In such case, the 3D consciousness experiences the monkey mind in the same way it experiences the “external” world, as something that just happens, for reasons unknown, for purposes unknown, by mechanisms unknown. The monkey mind, like the external world, is not the 3D-consciousness’s doing, as far as the 3D consciousness can see. At best, the 3D person may seem to be a consumer; at worst, a prisoner. And, between the two, not all that much difference.
Objects and mind interact with each other. If it were possible to replay a day’s consciousness repeatedly, your chain of associations might begin in the same place but then would diverge, perhaps slowly perhaps immediately, because your part in the process is that you choose among the bright shiny objects that present themselves as possibilities. Thus if you train yourself to think high thoughts, or if you train yourself to think low thoughts, the paths you choose in terms of relatively free association are going to be quite different!
So it isn’t really a matter of “our” affecting “your” mental processes. We don’t and usually can’t force a card on you. We may say, in effect, “Choose this thought; the resulting chain is better for you.” But who can choose for you? Nobody. That is what you are in 3D to do: to choose. Now perhaps you can see that your choosing is not choosing among paths of action, usually, but among paths of thought, paths of association of ideas. It is about what you want to attract to yourself.
And thus is it about us interacting in advance with our external environment.
That’s a good way to put it.
If we choose different paths of mental association, the “external” world we magnetize to will be different, just as Thoreau said in Walden.
Yes, only now you have a way to see why it should be so.
[The passage, which I have cited before: “I learned this, at least, by my experiment: that if one advances confidently in the direction of his dreams, and endeavors to live the life which he has imagined, he will meet with a success unexpected in common hours. He will put some things behind, will pass an invisible boundary; new, universal, and more liberal laws will begin to establish themselves around and within him … and he will live with the license of a higher order of being.”]
A word about “monkey mind.” There is nothing wrong with the mind functioning as an association-machine. That is how it is supposed to function. That is how you get ideas, how you get inspiration, how you move into new territory. The “wrong” is in using a hammer as a screwdriver, or in letting a high-powered car drive itself. You are there to drive it. Do so.

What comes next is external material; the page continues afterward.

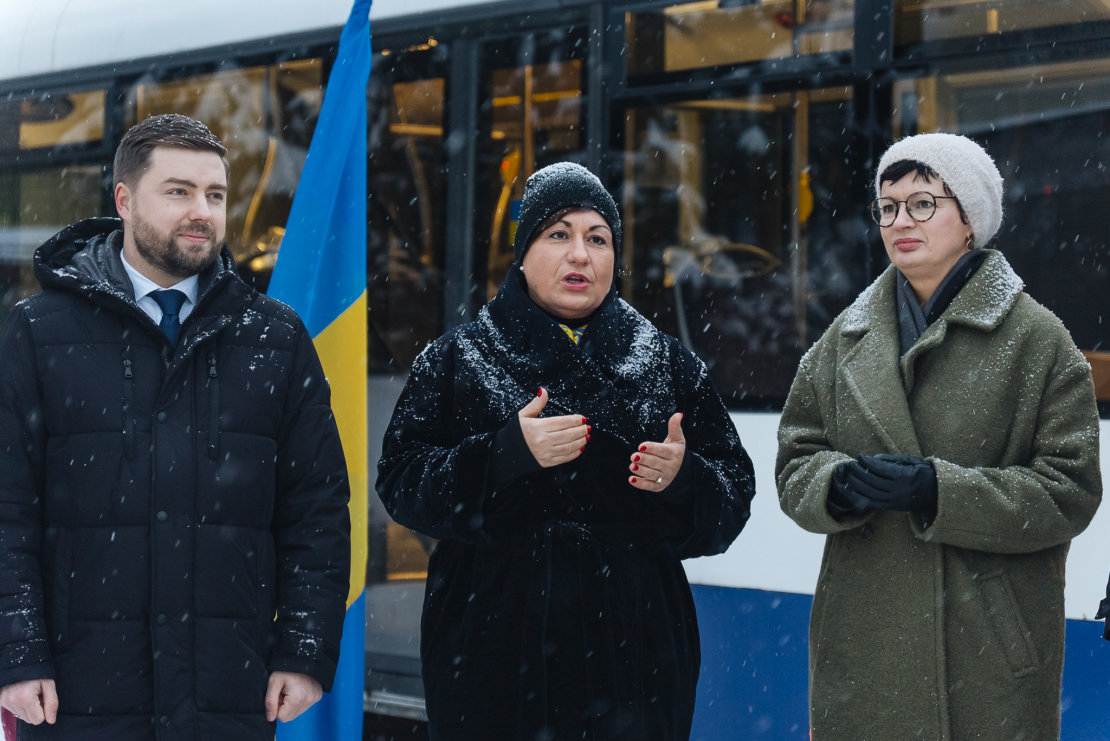 Ceļā uz Čerņihivu devušies 10 Rīgas dāvinātie autobusi.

Which means, choose what the association-machine chews on.
Well, in practice, isn’t that what you do, directly or indirectly? If you choose a movie or a book, or if you meditate or go for a walk in soothing circumstances or surround yourself with raucous music, are you not providing alternate beginning-points for chains of association? Only, it may be done more consciously or less, and it is to your advantage to make it “more.”
And anything that gives us more control of the starting-point, or of the volume-control, or of the on-off switch, indirectly gives us more control of how we experience the external world, because the external world and our magnetized inner world are the same thing.
A little less certain and sure than the statement would suggest, but yes, that is the idea.
Hence meditation is not a goal but a halfway house.
Yes indeed. Clearing the mind is one thing. Trying to live with it empty would be another. Similarly, learning to recognize the association-machine is one thing. Trying to function without it would be another.